Considerou ainda o TEDH, que os tribunais portugueses não fundamentaram adequadamente a decisão judicial na qual condenaram Emídio Rangel e que tudo o que se passou não era necessário numa sociedade democrática.

Emídio Rangel nasceu em 1947 e residia em Lisboa. Morreu em 2014 e as suas duas filhas assumiram o pedido formulado ao TEDH.

De acordo com o TEDH, foi em meados de 2010 que a Associação Sindical de Juízes Portugueses (ASJP) e o Sindicato dos Magistrados do Ministério Público (SMMP) apresentaram separadamente queixas criminais contra Emídio Rangel por "ofensa a pessoa colectiva.
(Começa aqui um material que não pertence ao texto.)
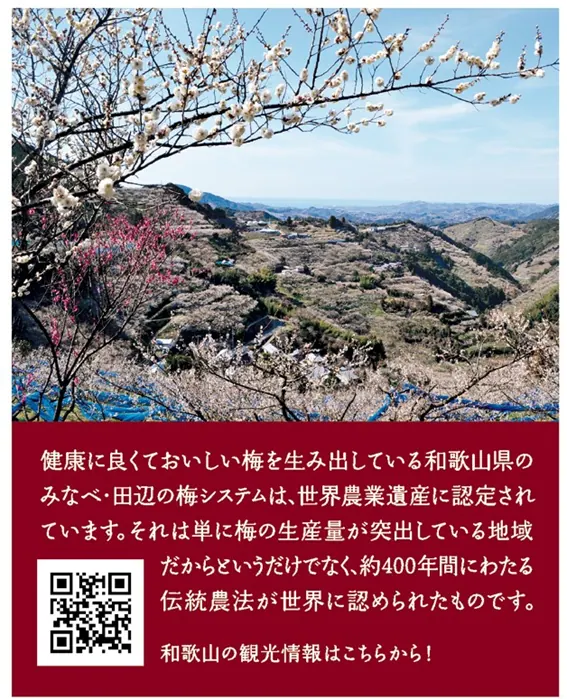 サッポロポテトと和歌山の紀州産南高梅がコラボしたワケの画像2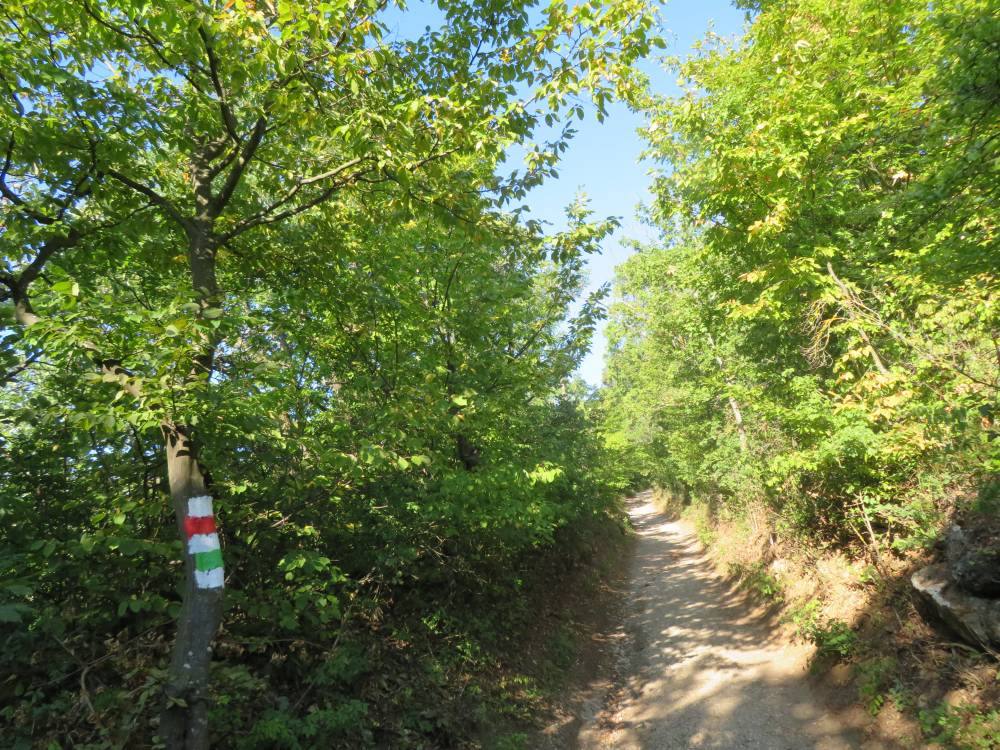 Kegelstattweg. Foto: Pedro Labut
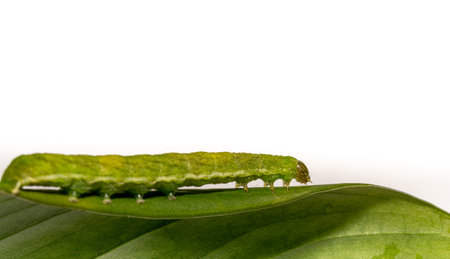 close up of Angle Shades caterpillar on a green leaf on a white backgroundの写真素材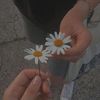 _.meroo_
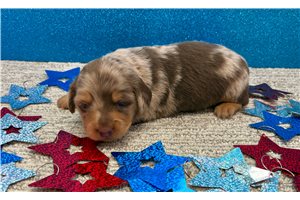 Violet - puppy for sale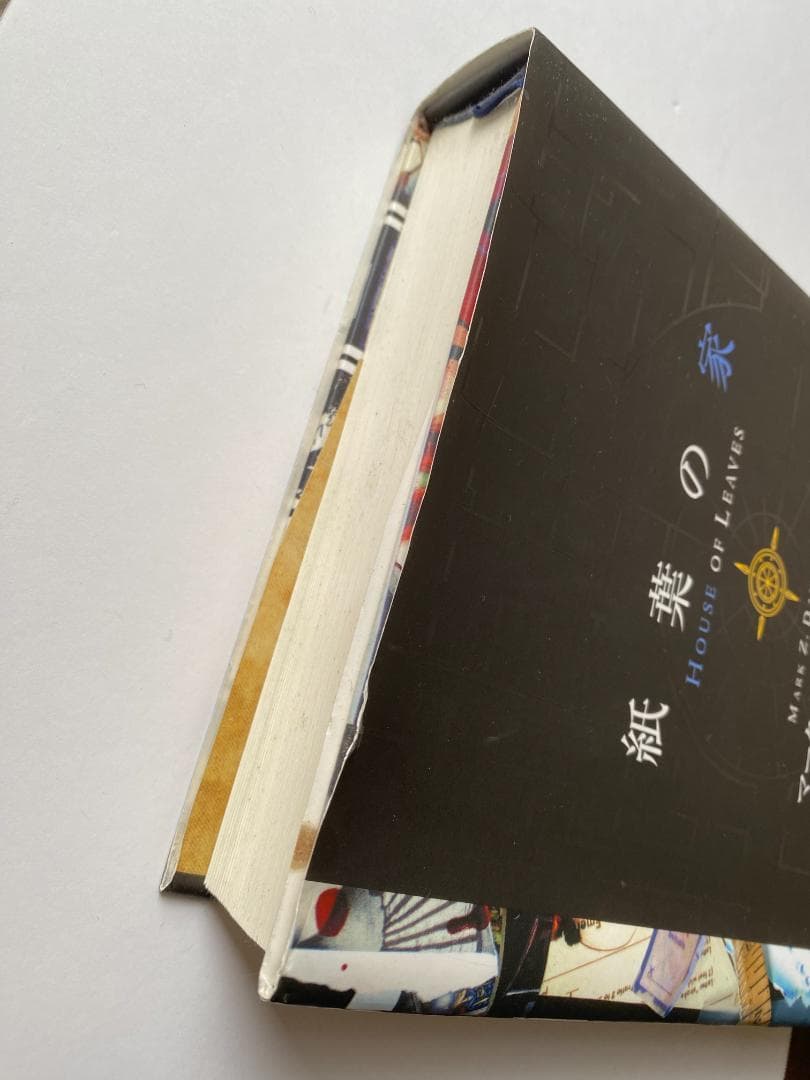 マーク・Z・ダニエレブスキー『紙葉の家』嶋田洋一訳、ソニーマガジンズ、2002年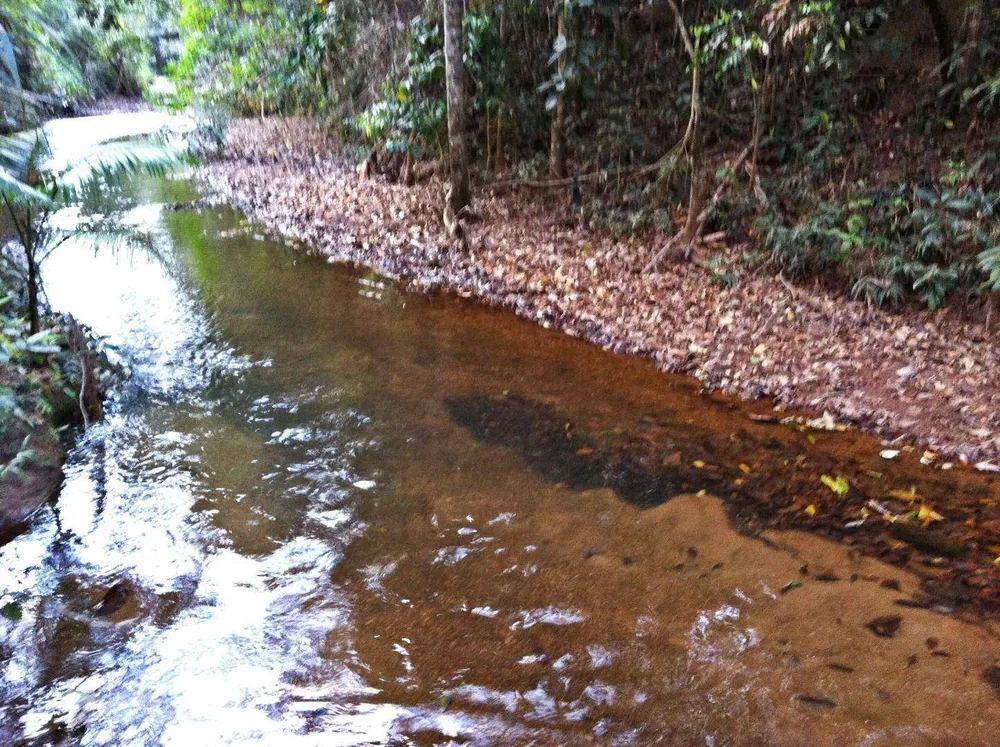 Loteamento e Condomínio, 650 m² - Foto 8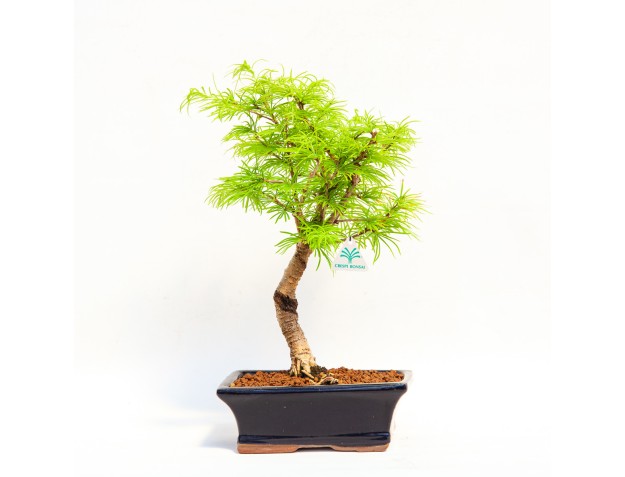 Pseudolarix - Mélèze - 45 cm 2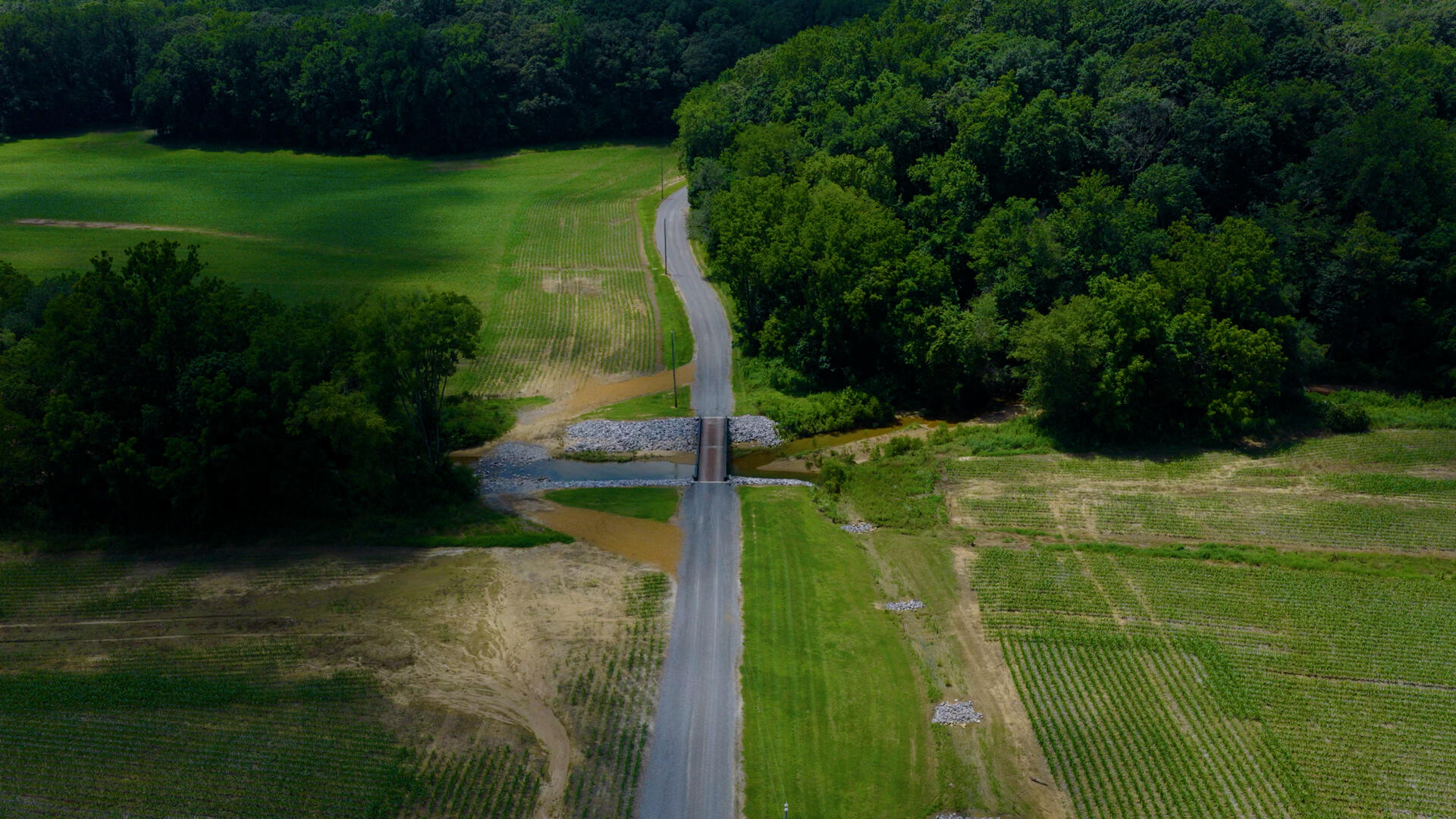 5279 State Line Road East Hazel, KY 42049 - Photo 70 of 93 45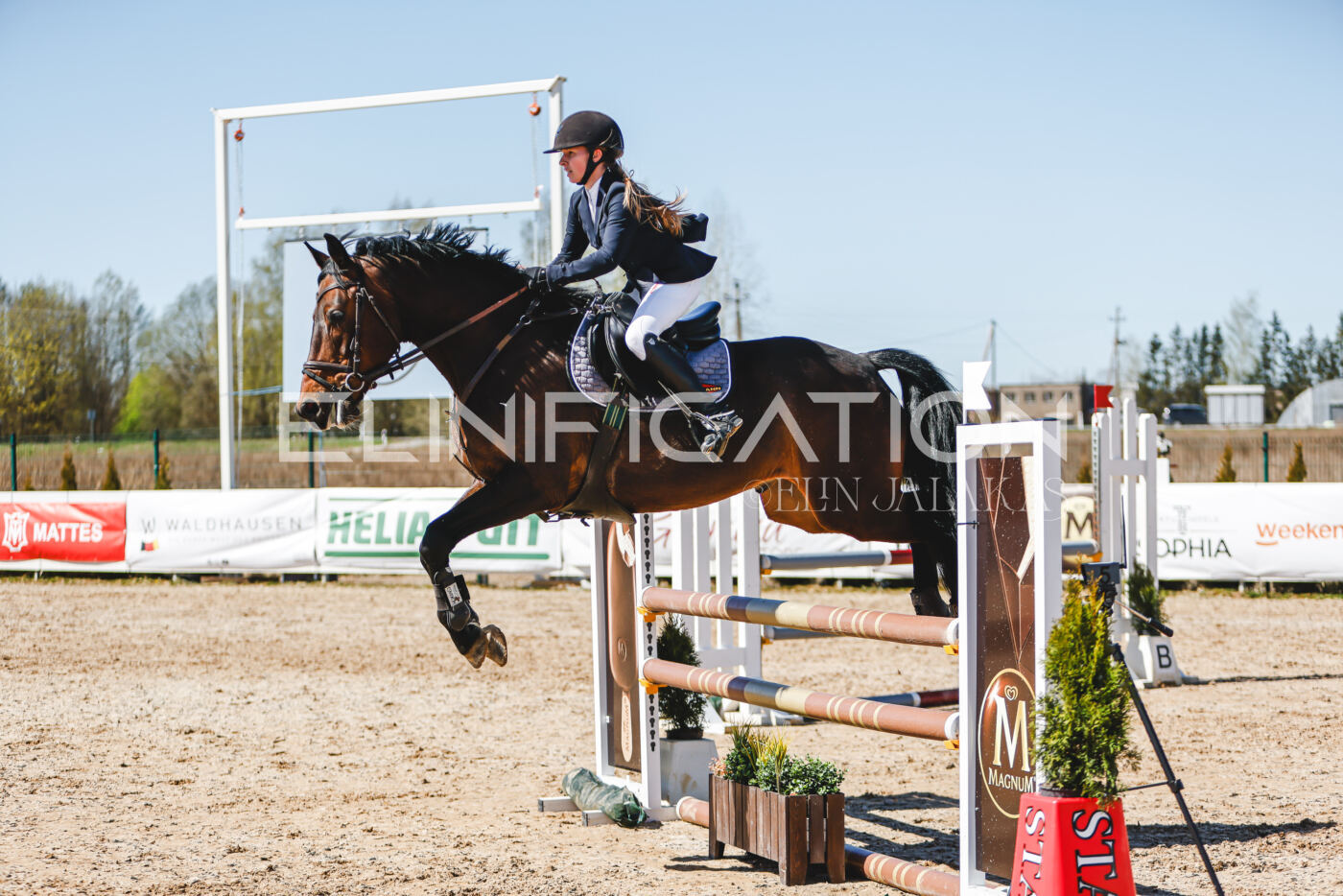 Gramina_Volber_2026_100_0133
Rangel foi condenado em 2012 pelas duas acusações de ofensa a pessoa coletiva pelo Tribunal Criminal de Lisboa, tendo sido obrigado ao pagamento de uma indemnização de 50 mil euros a cada um dos sindicatos e ainda multado em 6.000 euros.Conforme relata o TEDH, o tribunal português deu como provado que Emídio Rangel agiu com dolo e proferiu juízos e declarações consideradas ofensivas para as duas organizações judiciárias . Esta sentença foi confirmada pela Relação de Lisboa, que reduziu contudo a indemnização a pagar a cada um dos sindicatos para 10 mil euros.

As duas associações profissionais recorreram ao Supremo Tribunal de Justiça, tendo este tribunal superior decidido a favor dos sindicatos, aumentando o valor da indemnização para 25 mil euros para cada um dos sindicatos/associações.

A indemnização a pagar ao SMMP foi pago já após a morte de Emídio Rangel através da herança do jornalista.

Emídio Rangel morreu em agosto de 2014.